_TASK INSTRUCTIONS_:
Beginning at the line containing "noces de cuir", give again every line through the end of the data, unchanged and with both ends included. Drop any pictures.

_PROVIDED DATA_:
= Beginning of Section =

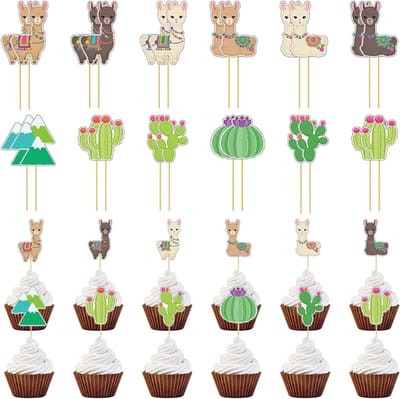 Solidchoice - Cupcaketoppers Alpaca - 48 Stuks Taartdecoratie voor Verjaardag en Feest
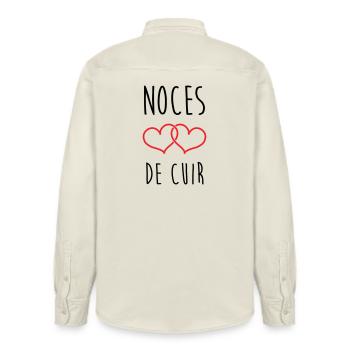 noces de cuir 2 ans d'amour - Chemise unisexe coupe décontractée bio Stanley/Stella - écru doux - Dos - AI Model Male 178 light (178cm)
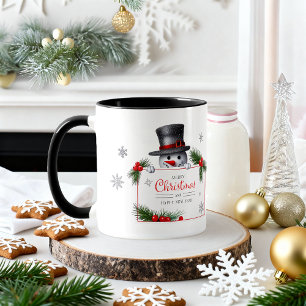 Glad snöman jul nyår gratulationer mugg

= End of Section =

_ANSWER BOX_:
 noces de cuir 2 ans d'amour - Chemise unisexe coupe décontractée bio Stanley/Stella - écru doux - Dos - AI Model Male 178 light (178cm)
 Glad snöman jul nyår gratulationer mugg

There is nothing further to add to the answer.